Principalmente proviene dal gas e oggi questa quota può essere garantita solamente da fonti fossili. Le rinnovabili non sono in grado di poter gestire regolarità di consumo e quindi si hanno situazioni in cui un eccesso di offerta di energia da rinnovabili può anche spingere il prezzo sotto zero. Sono dinamiche di cui, però, non beneficia l’industria perché l’energia non può essere regolarmente immagazzinata e viene dispersa. Tutti i sistemi hanno bisogno di una fonte capace di gestire i picchi di consumo: per l’Italia è il gas, per la Germania il carbone. Il nucleare potrebbe rappresentare un’alternativa a questo e molto altro, visto che è anche pulito.
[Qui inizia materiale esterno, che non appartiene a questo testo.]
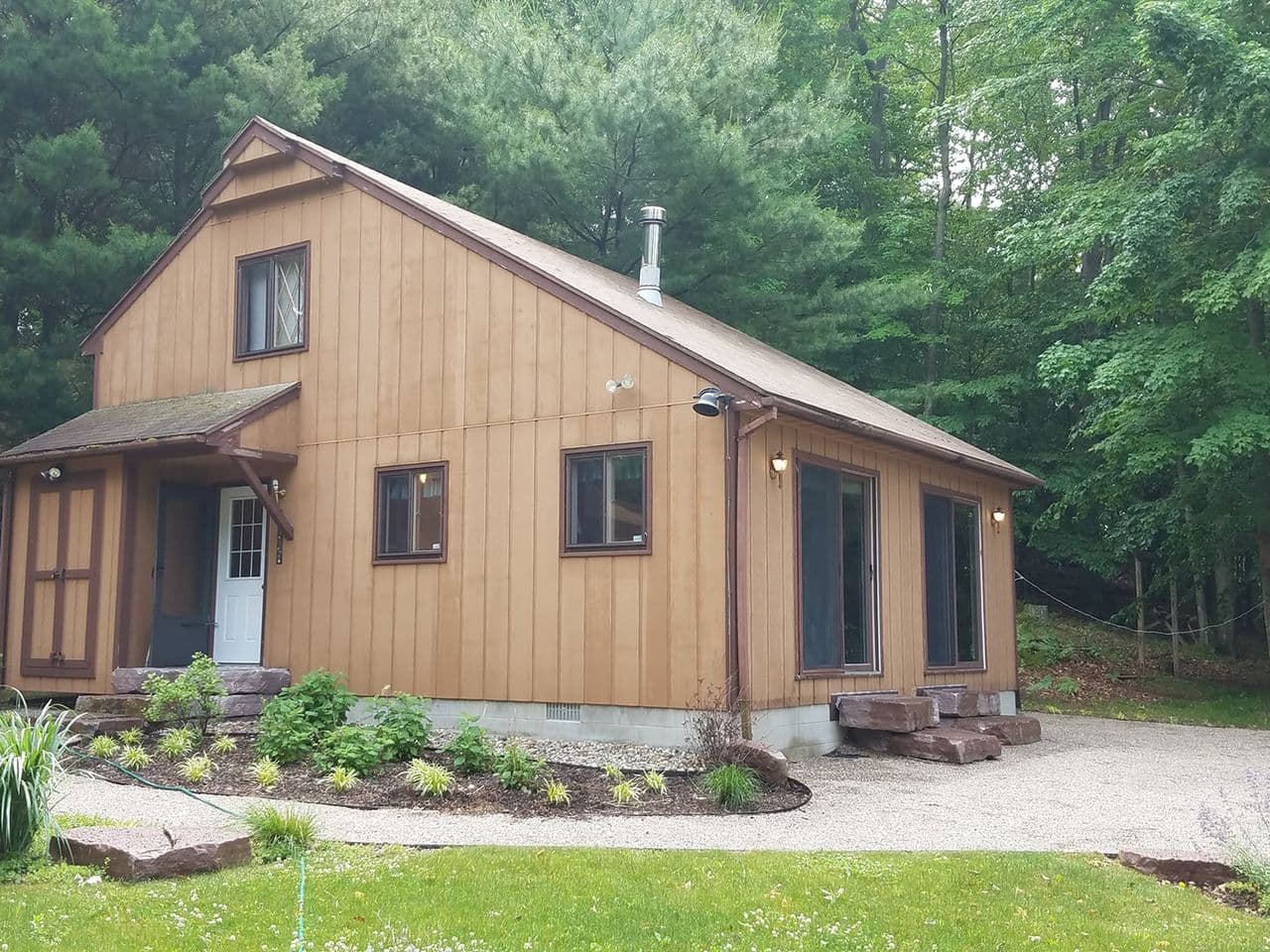 Hamlin Lake original self-built cabin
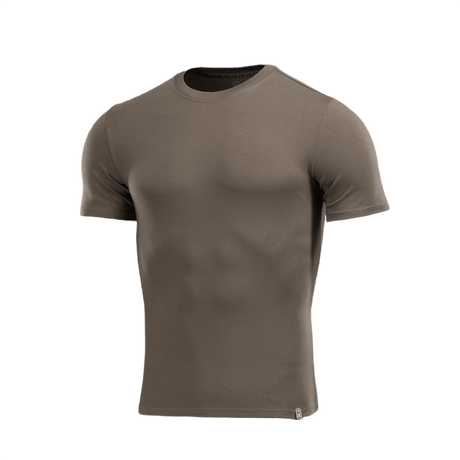 M-Tac T-shirt 93/7 i brun nuancer, fremstillet af 93% bomuld og 7% elastan, designet til komfort og holdbarhed, velegnet til aktiv brug.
In questo periodo si è parlato molto di “Comunità energetiche rinnovabili” come di una rivoluzione possibile. È una soluzione che coinvolge le industrie?
Non in maniera decisiva. L’industria ha bisogno di grosse quantità di energia, l’aver perso il polso della produzione sta dando spazio ad una generazione di analisti che ha perso il senso della realtà: un’industria metalmeccanica ha bisogno di tanta energia e con regolarità, il resto va tutto bene ma è fondamentalmente un accessorio. Oggi non si può prescindere dal fossile o dal nucleare, finché non arriviamo a questa conclusione continueremo ad assistere ad una progressiva deindustrializzazione dell’Europa.
E il Governo in questa partita come si sta muovendo?
Dovrebbe avere più coraggio. Sta facendo dei passi avanti sul nucleare, ma non aiuta il fatto che l’Unione Europea faccia orecchie da mercante lasciando che ogni paese, in base ai propri spazi fiscali, si gestisca la propria politica energetica. L’Italia, che questo spazio fiscale l’ha limitato, fa fatica a mettere il piede sull’acceleratore.
Un’accelerazione che, anche secondo il memorandum d’intesa, si prefigura anche come tecnologica.
Sì, ma non bisogna solo aspettare i piccoli reattori; gli impianti di terza generazione vanno benissimo anche perché, con questa scusa che bisogna aspettare la quarta generazione, assistiamo ad un ulteriore rinvio. Bisogna parlare, creare un consenso a livello della popolazione, spiegare che qui si sta prendendo un grosso abbaglio se si pensa che il futuro del Paese possa reggere solamente col turismo, con la sagra del lardo e con la festa della porchetta.
Il Governo, insomma, dovrebbe essere più coraggioso nel portare avanti la questione energetica e industriale.
Pensiamo che il benessere che abbiamo sia fondamentalmente scritto sulla pietra, garantito, scontato, ma così non è, e per questo bisogna sviluppare una politica industriale che tuteli gli approvvigionamenti di materia prima, dotandoci di una maggiore autonomia strategica attraverso il nucleare. Però mi rendo conto che i problemi fiscali ci siano, che il Governo sta seguendo un’attenta politica sul fronte del controllo dei costi e va benissimo, ma senza investimenti, senza nucleare e senza diversificare le fonti di approvvigionamento sulle materie prime e sull’energia non ci sarà un futuro industriale per il Paese. Attenzione, quindi, a giocare troppo di rimessa aspettando la prossima crisi perché poi rischiamo che sia troppo tardi.